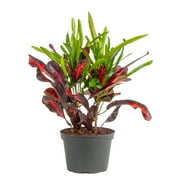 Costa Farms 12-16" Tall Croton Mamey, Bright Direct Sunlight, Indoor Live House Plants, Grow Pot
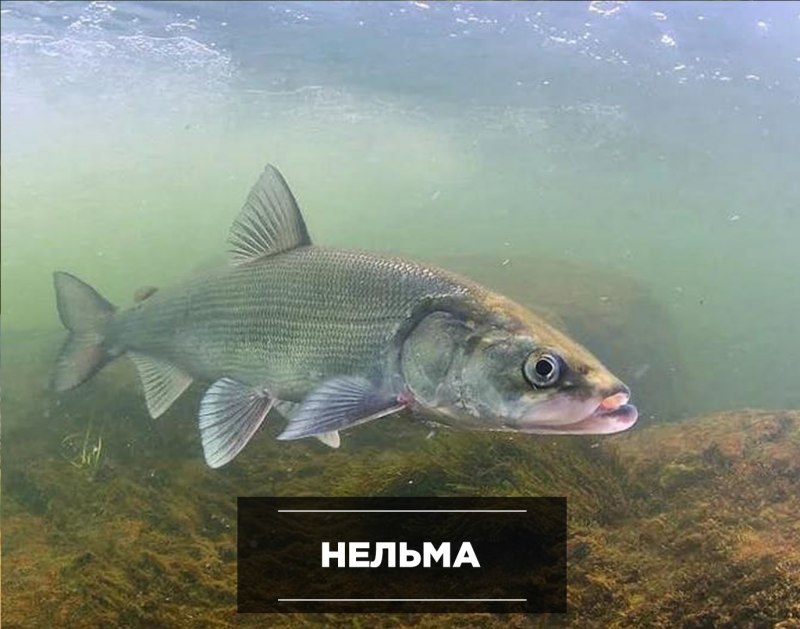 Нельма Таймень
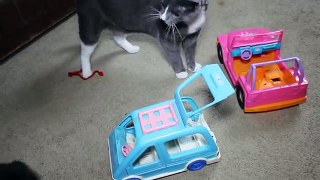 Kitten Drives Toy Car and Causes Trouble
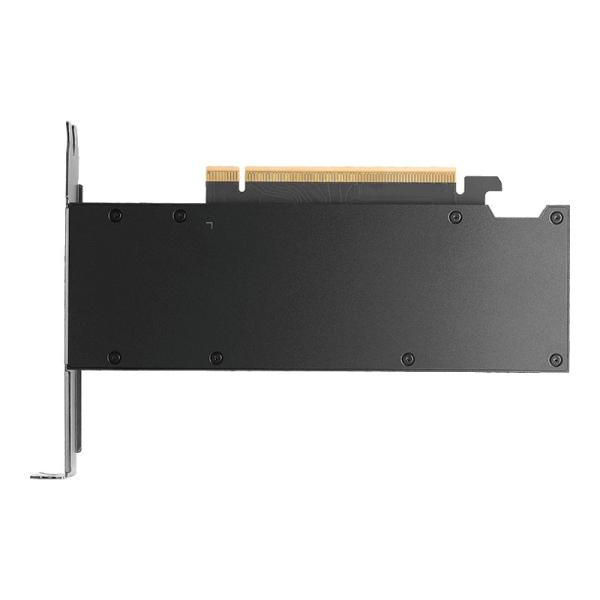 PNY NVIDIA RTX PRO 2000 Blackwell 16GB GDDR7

* * *

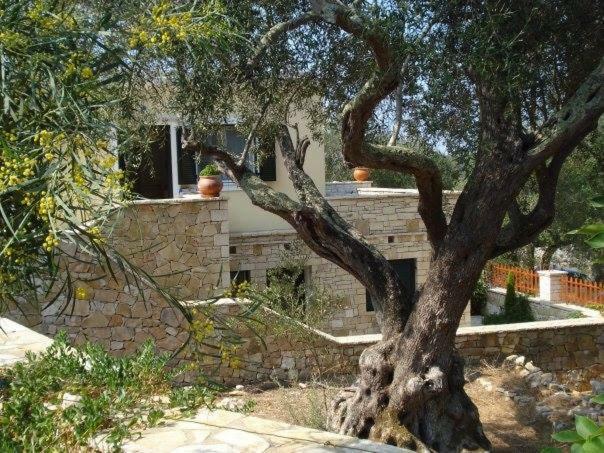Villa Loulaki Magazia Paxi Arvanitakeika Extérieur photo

* * *

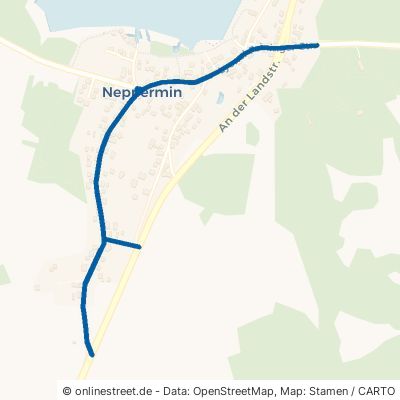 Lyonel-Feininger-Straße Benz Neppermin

* _Required action_
Take the material above from the line containing "Нельма Таймень" up to and including the line containing "PNY NVIDIA RTX PRO 2000 Blackwell 16GB GDDR7" and retype it exactly, without any pictures.

* _Solution below_
 Нельма Таймень
 Kitten Drives Toy Car and Causes Trouble
 PNY NVIDIA RTX PRO 2000 Blackwell 16GB GDDR7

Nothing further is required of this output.